Ciao Emanuele, bentrovato. Partiamo da “Sindrome di Stendhal”, cosa hai voluto inserire in quello che, di fatto, è il tuo biglietto da visita musicale?
«Ho voluto portare me stesso, con tutti i miei pregi e i miei difetti, al di là di tutto il discorso legato alle citazioni, a questa mia caratteristica che si può trovare in diversi testi. Ho voluto raccontare di me, sono davvero soddisfatto del risultato e delle canzoni contenute all’interno di questo album».
Quali riflessioni e quali stati d’animo ti hanno accompagnato nella fase di scrittura di questo lavoro?

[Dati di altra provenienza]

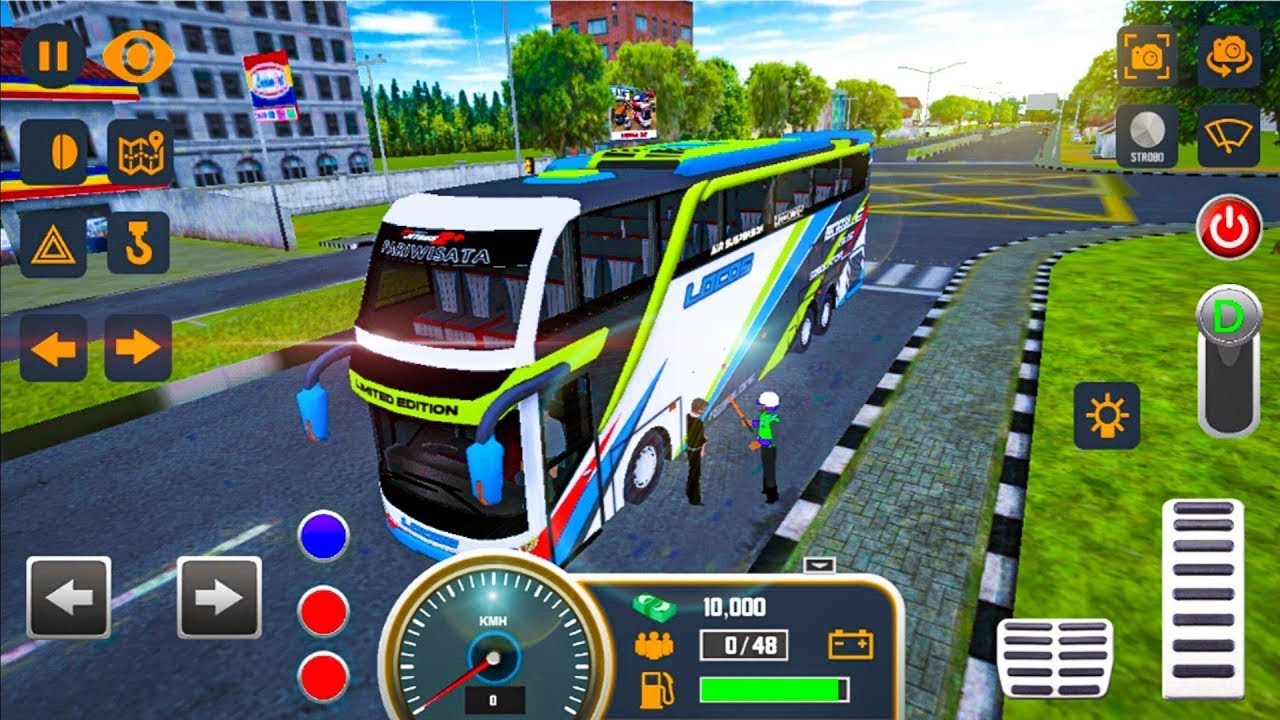 Bus Driving Simulator 3D – City Roads, Traffic & Parking Missions | Driving Bus Around Gameplay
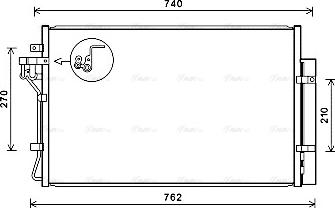 Ava Quality Cooling HY5432D - Конденсатор, кондиціонер autozip.com.ua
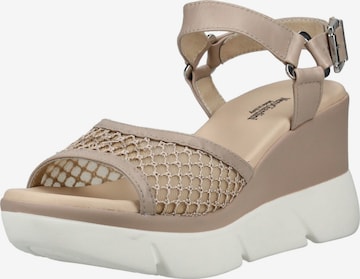 Sandales Nero Giardini en beige : devant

«Ho composto queste tracce nell’ultimo anno e mezzo, gran parte della fase di scrittura l’ho trascorsa in quaranta o semiquarantena, come per tutti. Inconsciamente questo periodo mi ha portato a produrre di meno, l’ispirazione naturalmente è diminuita, perchè tendenzialmente io scrivo quello che vivo e con questa situazione ho vissuto molto meno».
Hai dichiarato di aver selezionato queste tracce nell’archivio del tuo computer che ne conteneva circa un centinaio, un numero piuttosto ingente, con quale criterio sono state selezionate?

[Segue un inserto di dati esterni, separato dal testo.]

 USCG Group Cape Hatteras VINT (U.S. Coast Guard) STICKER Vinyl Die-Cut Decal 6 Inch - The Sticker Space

«Il criterio era quello di trovare un filo conduttore che legasse le canzoni. Poi, sai, ci sono pezzi che possono non arrivare subito, brani che magari necessitano più tempo per essere completati. Faccio un esempio: “Ipocrisia” e “Buongiorno principessa”, sono le uniche due tracce che non ho scritto nell’arco di questo anno e mezzo, bensì quando avevo diciassette anni. Con il mio producer Steve Tarta le abbiamo riprese e riarrangiate, probabilmente non erano uscite in precedenza perchè non era arrivato ancora il loro momento».
Per concludere, quali elementi e quali caratteristiche ti rendono orgoglioso di questo tuo album d’esordio?
«Sicuramente l’essere riuscito a trovare, a ventidue anni, una precisa identità sia sonora che concettuale. Lo considero indubbiamente un grande traguardo, oltre che un buon inizio, poi, il resto non ci è dato sapere (sorride, ndr)».